In 2007, a new version was introduced and performed by Israel Cannan, who played the character Wazza in the show. After Cannan's version received many complaints from fans, the Seven Network decided to re-record the theme song in April 2007 with vocals provided by Luke Dolahenty. A shorter, 15-second version sung by Dolahenty and Tarryn Stokes debuted in 2009. From 2010 until 2017, the Home and Away theme song was not used in the show's opening titles and was replaced by a short instrumental version. However, Dolahenty and Stokes' version was still used in the closing credits for international broadcasts. In 2018, two new eight-second versions of the theme song made a return to the opening titles after an eight-year absence. One version is sung by a male vocalist, while the other version is sung by a female vocalist; in the opening titles, both only sing the last two lines of the theme: "closer each day, Home and Away". An extended 30-second version by the male vocalist was uploaded onto the Home and Away website. In March 2018, when the 2018 season debuted in the United Kingdom, the end theme was updated with the male vocalist's version, which still remain even on episodes which open with the female vocalist's version.

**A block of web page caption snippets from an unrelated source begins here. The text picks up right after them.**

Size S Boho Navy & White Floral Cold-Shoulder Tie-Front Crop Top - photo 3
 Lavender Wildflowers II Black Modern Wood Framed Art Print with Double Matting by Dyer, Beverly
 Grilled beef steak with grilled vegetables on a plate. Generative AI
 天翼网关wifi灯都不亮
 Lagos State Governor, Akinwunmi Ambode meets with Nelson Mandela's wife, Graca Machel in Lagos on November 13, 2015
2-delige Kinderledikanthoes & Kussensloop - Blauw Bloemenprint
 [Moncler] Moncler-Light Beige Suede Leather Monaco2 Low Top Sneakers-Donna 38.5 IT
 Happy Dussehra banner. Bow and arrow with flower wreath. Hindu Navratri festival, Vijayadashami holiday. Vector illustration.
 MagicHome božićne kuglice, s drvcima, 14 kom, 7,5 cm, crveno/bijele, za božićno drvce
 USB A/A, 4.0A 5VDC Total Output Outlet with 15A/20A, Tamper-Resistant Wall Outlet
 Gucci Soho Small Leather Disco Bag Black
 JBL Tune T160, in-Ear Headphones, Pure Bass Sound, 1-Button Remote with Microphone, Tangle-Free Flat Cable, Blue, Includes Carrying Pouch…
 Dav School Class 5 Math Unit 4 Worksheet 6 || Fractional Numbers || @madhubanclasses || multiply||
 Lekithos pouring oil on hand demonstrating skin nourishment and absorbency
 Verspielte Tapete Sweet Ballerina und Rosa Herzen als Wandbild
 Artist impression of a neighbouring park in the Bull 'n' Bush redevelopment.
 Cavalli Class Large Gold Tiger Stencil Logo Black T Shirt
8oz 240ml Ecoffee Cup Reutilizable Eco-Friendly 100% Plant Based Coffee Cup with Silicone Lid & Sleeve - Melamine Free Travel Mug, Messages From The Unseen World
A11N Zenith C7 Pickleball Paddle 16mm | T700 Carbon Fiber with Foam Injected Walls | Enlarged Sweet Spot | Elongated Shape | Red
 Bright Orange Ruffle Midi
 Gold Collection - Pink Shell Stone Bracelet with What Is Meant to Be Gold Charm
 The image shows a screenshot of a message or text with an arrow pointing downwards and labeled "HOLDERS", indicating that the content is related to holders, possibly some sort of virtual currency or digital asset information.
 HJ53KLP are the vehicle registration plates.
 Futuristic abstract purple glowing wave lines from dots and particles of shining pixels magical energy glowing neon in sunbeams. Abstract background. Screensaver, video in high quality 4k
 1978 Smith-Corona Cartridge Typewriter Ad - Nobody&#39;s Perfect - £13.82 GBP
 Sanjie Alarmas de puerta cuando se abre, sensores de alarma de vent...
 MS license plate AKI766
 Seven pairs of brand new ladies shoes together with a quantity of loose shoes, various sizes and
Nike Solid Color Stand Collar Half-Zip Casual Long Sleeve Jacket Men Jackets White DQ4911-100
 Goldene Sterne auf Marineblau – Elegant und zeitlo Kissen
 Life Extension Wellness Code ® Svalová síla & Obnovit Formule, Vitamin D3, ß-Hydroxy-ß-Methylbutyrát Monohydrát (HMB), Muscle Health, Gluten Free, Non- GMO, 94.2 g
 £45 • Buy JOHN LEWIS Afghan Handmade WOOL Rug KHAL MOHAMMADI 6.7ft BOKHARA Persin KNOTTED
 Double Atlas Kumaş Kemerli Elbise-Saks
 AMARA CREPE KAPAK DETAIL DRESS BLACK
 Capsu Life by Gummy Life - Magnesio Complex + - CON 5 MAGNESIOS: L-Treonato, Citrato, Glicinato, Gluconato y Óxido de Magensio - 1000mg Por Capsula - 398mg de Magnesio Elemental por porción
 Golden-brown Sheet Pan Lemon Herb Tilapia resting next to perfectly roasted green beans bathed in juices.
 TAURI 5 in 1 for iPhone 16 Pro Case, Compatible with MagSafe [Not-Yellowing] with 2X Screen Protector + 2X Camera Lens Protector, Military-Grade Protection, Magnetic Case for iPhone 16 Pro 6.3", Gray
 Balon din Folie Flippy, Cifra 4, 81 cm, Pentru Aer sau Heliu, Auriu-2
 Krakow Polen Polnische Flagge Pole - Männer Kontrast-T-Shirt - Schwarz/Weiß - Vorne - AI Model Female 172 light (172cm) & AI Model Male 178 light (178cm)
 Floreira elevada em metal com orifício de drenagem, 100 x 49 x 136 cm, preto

In 2025 a brand new set of opening credits debuted, with a new recording of the theme song, one male which was slower and a female one which was faster and more up beat. The lyrical arrangement matches the original closing credits which is slightly shorter than the opening was at around 45-50 seconds as it a verse shorter. The UK only showed the more upbeat female arrangement the shower version being used on the closing credits. In 2026 another new set of credits debuted, this time with a return to a duet, a slightly slower more acoustic arrangement and now returning to exactly the same lyrical length and arrangement as the original version from 1988. In the UK these opening credits feature on every episode, however in other countries this varies.

==Reception==
Dylan Evans of music website Tone Deaf included "Home and Away" on his list of "The 15 Best Australian TV Theme Songs", writing that although the song "has seen some changes, it still remains instantly recognisable to most Australians." Irish program Xposé included the theme song in their list of "The Best TV Theme Songs". Sam of TVFix placed it at number two on his list of the "Top 5 Australian TV Theme Songs", writing that "the tune captures the relaxed, melodramatic feel of living in a quiet beachside town that's the home of multiple murderers, psychotics and drama queens." He also added that it was better than the Neighbours theme song. Steven Viney of Noisey compared both songs, adding that the Home and Away theme "sounds like it could have easily been a Mariah Carey hit" and that it is "more melodic and pop oriented" than the Neighbours theme. David Elkin of The Daily Edge described it as a "catchy" tune that is "still stuck in everyone's head." In 2017, BuzzFeed writer Tahlia Pritchard added that the theme song should return to the opening titles, writing "Bring back those iconic lyrics!" Shain E. Thomas of entertainment website Harsh Light said it was an "idiotic move" of the show's producers to not use the song in the opening titles between 2010 and 2017. Ed Power of Irish Independent called it a "catchy" song that "certainly gets into your noggin and refuses to leave."

==Usage in media==
Home and Away star Axle Whitehead (Liam Murphy) recorded a version of the theme song which was used in the show in 2012. Long-serving cast member Lynne McGranger (Irene Roberts) sang the song in a 2013 promotional video for broadcaster TVNZ 2 in New Zealand. In April 2016, the theme song was used in a television commercial promoting a storyline involving an explosion at the Summer Bay Caravan Park. Between December 2017 and February 2018, the theme song was also used in television commercials promoting the 2018 season premiere of Home and Away, as well as a sinkhole storyline involving long-time character Alf Stewart (Ray Meagher). In a promo for the 2019 season, the theme song was sung by the cast, who were sitting around a table, in lieu of a preview of what is to come.